Sekaligus sebuah penegasan bahwa yang menentukan keutamaan seorang hamba Allah bukanlah nasab, harta, tahta, status sosial-ekonomi, pekerjaan dan seterusnya. Tetapi ketakwaan seorang hamba (Makhluk) kepada Tuhan Maha Pencipta (Khaliq). Dan derajat ketakwaan hanya bisa diraih dengan amal shalih. Tidak bisa dibeli atau diraih dengan mengandalkan keutamaan nasab, suku, harta, tahta, dan seterusnya.
Sayangnya belakangan ini semakin banyak pihak yang hendak mengembalikan “kasta” masyarakat Arab yang telah dihapus Nabi Saw.
Imam Muslim dan Ibn Majah meriwayatkan dari Abu Hurairah bahwa Rasulullah saw. bersabda, artinya : “Allah tidak memandang kepada penampilan dan harta kalian, akan tetapi Allah melihat kepada hati dan amal kalian”.
Imam Suyuthi dalam kitab tafsirnya Al-Durr Al-Mantsur fi Tafsir bil-Ma’tsur menyebutkan dua kisah turunnya ayat ini, yakni :
Pertama, pada saat Rasulullah Saw. memasuki kota Mekkah tatkala peristiwa Fathu Makkah.

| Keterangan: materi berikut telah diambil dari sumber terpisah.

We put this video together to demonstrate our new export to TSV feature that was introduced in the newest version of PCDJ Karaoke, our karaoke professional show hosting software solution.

Bilal bin Rabah naik ke atas Ka’bah dan menyerukan azan. Sebagian penduduk Mekkah —[yang tidak tahu Bilal biasa bertugas menyerukan azan di Madinah]— terkaget-kaget.
Ada yang berkata : “Budak hitam inikah yang azan diatas Ka‘bah?”.

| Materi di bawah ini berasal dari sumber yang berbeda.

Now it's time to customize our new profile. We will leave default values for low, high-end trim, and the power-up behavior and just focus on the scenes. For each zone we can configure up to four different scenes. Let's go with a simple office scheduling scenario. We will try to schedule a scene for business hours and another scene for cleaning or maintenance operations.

Dalam riwayat lain di kitab Tafsir al-Baghawi al-Harits bin Hisyam mengejek dengan perkataan “Apakah Muhammad tidak menemukan selain burung gagak ini untuk berazan?”.
Yang lain berkata : “Jika Allah membencinya, tentu akan menggantinya”. Lantas turunlah ayat 13 Surat al-Hujurat.
Kedua, Abu Hind adalah bekas budak yang kemudian bekerja sebagai tukang bekam.
Nabi meminta kepada Bani Bayadhah untuk menikahkan salah satu putri mereka dengan Abu Hind. Namun mereka menolak dengan alasan: “Ya Rasul, bagaimana kami hendak menikahkan putri kami dengan bekas budak kami?”.
Lalu turunlah QS. Al-Hujurat ayat 13 diatas.
Wallahu A’lam
Batang, 2 September 2023
*) Drs. Margo Hutomo, LC. pengasuh Majlis Muthala’ah Al-Quran (MMA) Weleri-Batang-Pekalongan.